The present invention relates to ammunition, in particular, a telescoped round, comprising a case made from a plastic material made up of a cylindrical casing and two end caps, one at the front end and the other at the rear end of the casing, a projectile and a propulsive charge housed inside the case and a device for igniting the propulsive charge.
Generally, telescoped ammunition whose front and rear end caps move under the effect of the pressure of the gases are designed so that they come into contact with the chamber of the barrel of a cannon when the propulsive charge is ignited. Ammunition in which the end caps are made from metal and attached at each end of the casing of the case is disclosed in U.S. Pat. No. 4,691,638. These end caps move under the effect of the pressure from the gases but are not able to extend past a stop piece carried by the casing of the case so that they remain attached thereto in order to facilitate extraction of the case after firing. In order to avoid any jamming inside the chamber, vents made in the casing are opened by the movement of the end caps.
The disadvantage of this design is the loss of containment of the gases and their coming into contact with the inside surface of the chamber (the blow torch effect), which results in its rapid deterioration.
In the ammunition disclosed in documents U.S. Pat. No. 4,907,510, U.S. Pat. No. 4,846,069 and EP-0 328 016the casings and the end caps are also made from metal and elastic devices are provided to enable the cases to regain a size, after firing, that is suitable for them to be extracted from the chamber.
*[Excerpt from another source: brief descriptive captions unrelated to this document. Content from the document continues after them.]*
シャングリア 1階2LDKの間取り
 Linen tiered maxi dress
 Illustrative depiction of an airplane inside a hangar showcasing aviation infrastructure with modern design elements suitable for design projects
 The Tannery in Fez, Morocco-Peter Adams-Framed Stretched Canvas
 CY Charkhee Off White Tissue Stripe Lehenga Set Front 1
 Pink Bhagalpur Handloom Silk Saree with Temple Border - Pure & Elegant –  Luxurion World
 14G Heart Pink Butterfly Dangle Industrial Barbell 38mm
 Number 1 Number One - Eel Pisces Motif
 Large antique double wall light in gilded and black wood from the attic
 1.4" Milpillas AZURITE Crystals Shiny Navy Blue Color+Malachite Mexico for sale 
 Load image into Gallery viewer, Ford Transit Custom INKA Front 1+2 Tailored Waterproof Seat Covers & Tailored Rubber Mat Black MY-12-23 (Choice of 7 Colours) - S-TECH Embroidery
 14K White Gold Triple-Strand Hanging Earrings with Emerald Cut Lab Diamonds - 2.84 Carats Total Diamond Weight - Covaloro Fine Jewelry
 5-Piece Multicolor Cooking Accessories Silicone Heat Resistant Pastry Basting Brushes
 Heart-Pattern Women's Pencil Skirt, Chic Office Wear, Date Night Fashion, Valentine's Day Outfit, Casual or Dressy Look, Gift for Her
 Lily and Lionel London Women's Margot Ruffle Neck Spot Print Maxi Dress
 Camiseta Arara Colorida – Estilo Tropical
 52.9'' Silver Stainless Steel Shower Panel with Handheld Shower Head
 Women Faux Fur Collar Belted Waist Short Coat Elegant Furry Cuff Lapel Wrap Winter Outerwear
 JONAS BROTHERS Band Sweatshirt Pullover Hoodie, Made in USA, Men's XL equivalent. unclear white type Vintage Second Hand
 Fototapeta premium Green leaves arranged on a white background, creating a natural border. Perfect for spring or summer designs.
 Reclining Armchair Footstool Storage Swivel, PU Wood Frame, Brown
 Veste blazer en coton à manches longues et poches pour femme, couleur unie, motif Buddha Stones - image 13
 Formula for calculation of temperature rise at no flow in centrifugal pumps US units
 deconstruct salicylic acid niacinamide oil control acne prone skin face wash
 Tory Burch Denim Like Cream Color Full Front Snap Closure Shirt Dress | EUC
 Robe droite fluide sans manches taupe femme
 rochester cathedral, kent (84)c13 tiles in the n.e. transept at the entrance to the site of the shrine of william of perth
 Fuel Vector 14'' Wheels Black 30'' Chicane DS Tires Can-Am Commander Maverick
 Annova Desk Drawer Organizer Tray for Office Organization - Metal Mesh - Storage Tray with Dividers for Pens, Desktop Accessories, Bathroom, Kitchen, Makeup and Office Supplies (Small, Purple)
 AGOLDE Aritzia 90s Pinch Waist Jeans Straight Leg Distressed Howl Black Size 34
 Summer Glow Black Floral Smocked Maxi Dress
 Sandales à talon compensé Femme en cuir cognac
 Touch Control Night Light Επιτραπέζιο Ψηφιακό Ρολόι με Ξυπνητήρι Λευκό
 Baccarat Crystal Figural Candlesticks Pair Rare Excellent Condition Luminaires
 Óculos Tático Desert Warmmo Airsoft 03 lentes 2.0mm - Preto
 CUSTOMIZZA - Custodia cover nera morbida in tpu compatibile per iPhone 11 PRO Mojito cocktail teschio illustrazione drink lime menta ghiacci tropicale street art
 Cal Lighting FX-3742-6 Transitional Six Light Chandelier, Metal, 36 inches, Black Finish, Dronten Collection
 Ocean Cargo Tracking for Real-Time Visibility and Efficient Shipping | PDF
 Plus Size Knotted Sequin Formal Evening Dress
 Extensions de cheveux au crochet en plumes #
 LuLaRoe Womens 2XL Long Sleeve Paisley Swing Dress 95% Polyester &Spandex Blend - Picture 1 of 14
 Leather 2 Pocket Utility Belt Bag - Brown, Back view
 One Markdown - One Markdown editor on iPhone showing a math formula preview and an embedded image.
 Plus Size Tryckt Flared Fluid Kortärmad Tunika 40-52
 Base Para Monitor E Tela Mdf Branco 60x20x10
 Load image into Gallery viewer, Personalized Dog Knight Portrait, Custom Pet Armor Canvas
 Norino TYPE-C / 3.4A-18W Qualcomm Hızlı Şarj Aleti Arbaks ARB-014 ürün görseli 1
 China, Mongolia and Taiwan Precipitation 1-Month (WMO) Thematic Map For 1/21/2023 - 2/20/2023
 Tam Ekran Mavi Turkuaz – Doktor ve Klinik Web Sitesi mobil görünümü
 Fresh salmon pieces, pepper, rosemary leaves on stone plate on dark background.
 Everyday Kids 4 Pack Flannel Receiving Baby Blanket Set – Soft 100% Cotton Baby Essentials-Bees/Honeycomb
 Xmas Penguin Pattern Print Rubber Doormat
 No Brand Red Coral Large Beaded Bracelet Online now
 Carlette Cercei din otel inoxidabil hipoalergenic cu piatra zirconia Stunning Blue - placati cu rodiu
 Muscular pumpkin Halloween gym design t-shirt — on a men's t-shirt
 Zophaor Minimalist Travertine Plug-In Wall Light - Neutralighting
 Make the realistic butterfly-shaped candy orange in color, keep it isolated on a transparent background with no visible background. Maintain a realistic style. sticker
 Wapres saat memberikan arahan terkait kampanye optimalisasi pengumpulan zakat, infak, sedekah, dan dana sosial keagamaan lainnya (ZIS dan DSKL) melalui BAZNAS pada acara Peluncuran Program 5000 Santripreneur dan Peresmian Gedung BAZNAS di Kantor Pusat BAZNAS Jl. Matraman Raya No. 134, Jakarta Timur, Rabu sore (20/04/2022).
The use of plastic materials to make the ammunition case is also known, as the elasticity of these materials facilitates extraction from the case after firing. However, the expansion coefficients are such that they cause major variations in the length of the case (approximately 1% for the whole temperature range). It is in that case essential to provide sufficient axial play between the case and the chamber.
In the document U.S. Pat. No. 4,770,098, ammunition whose case is made from plastic material is disclosed. More precisely, the rear end cap, equivalent to the base of the ammunition, is moulded with the casing and the front end cap is press fitted in the free end of the case. However, the problems of the expansion of the case inside the chamber during the firing of the projectile are not mentioned. In fact, the increase in pressure inside the case when the ammunition is fired can cause the case to break at the rear end cap.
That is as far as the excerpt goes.